Exercise inputs:

----

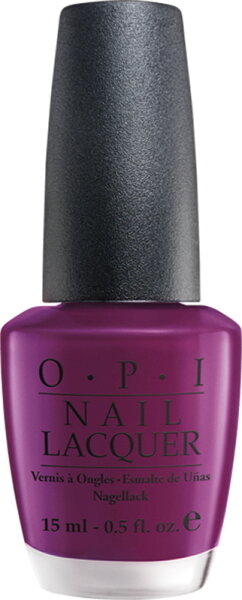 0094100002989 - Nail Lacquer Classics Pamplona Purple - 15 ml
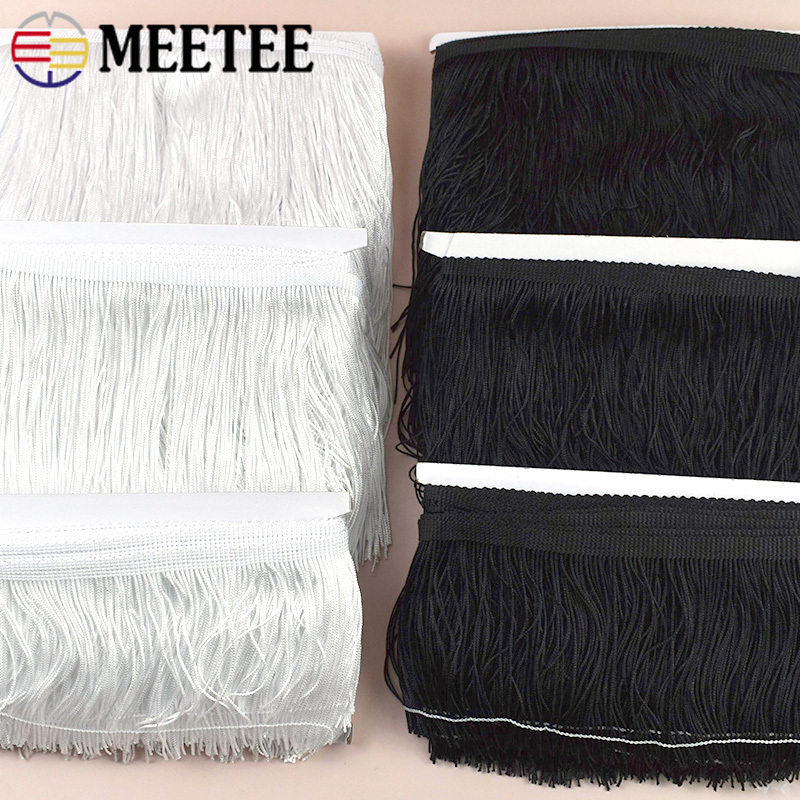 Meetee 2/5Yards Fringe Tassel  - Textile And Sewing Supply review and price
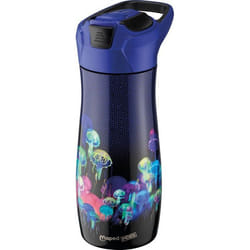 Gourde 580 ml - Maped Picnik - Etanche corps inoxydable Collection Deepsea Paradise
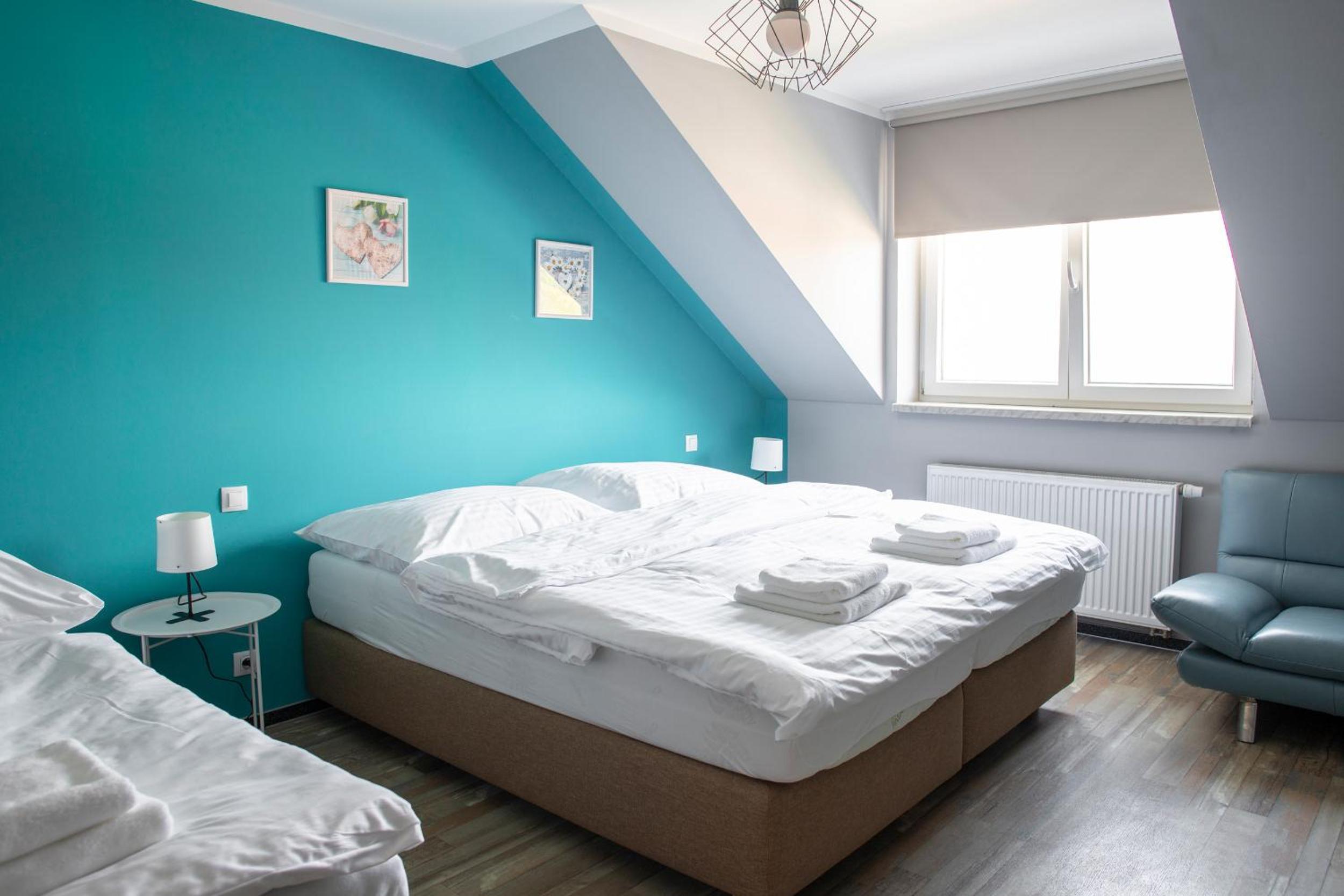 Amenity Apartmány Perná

----

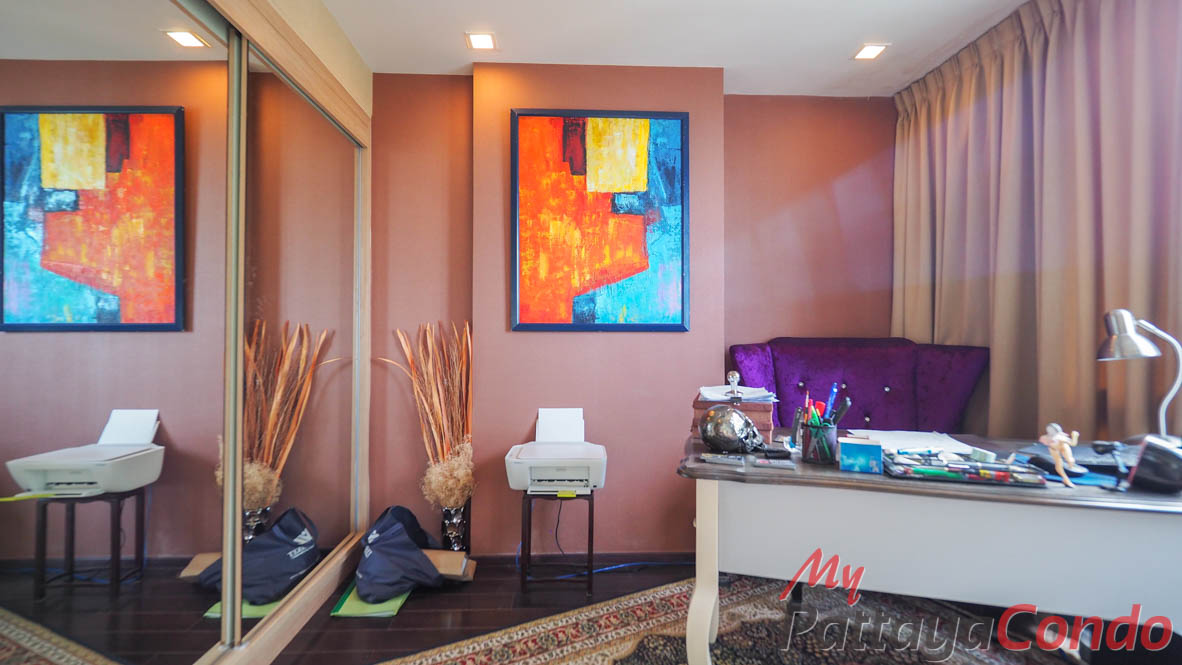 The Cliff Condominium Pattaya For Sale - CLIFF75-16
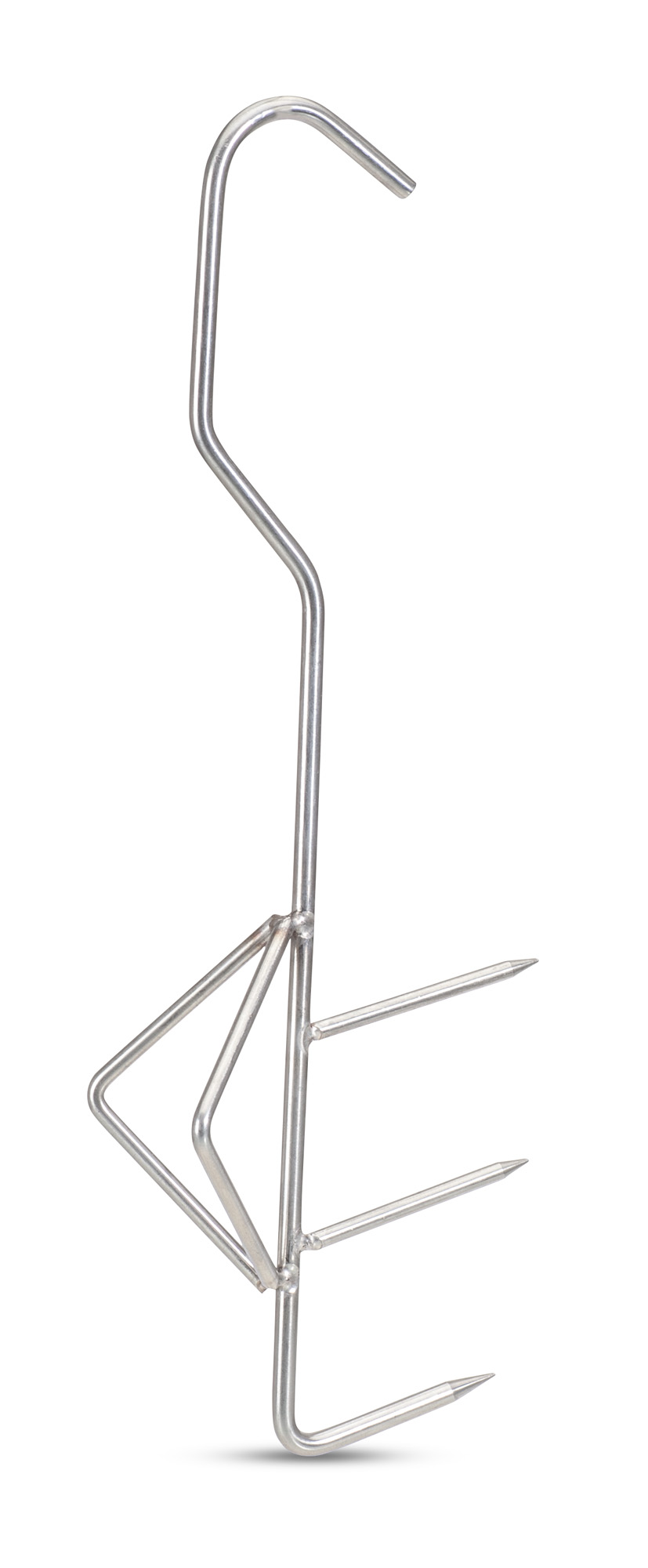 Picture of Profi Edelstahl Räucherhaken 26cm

----

Your objective:
Transcribe the listing above exactly, but only from the line with "0094100002989 - Nail" through the line with "Amenity Apartmány Perná". Include both of those lines and omit the pictures.

Your solution:
 0094100002989 - Nail Lacquer Classics Pamplona Purple - 15 ml
 Meetee 2/5Yards Fringe Tassel  - Textile And Sewing Supply review and price
 Gourde 580 ml - Maped Picnik - Etanche corps inoxydable Collection Deepsea Paradise
 Amenity Apartmány Perná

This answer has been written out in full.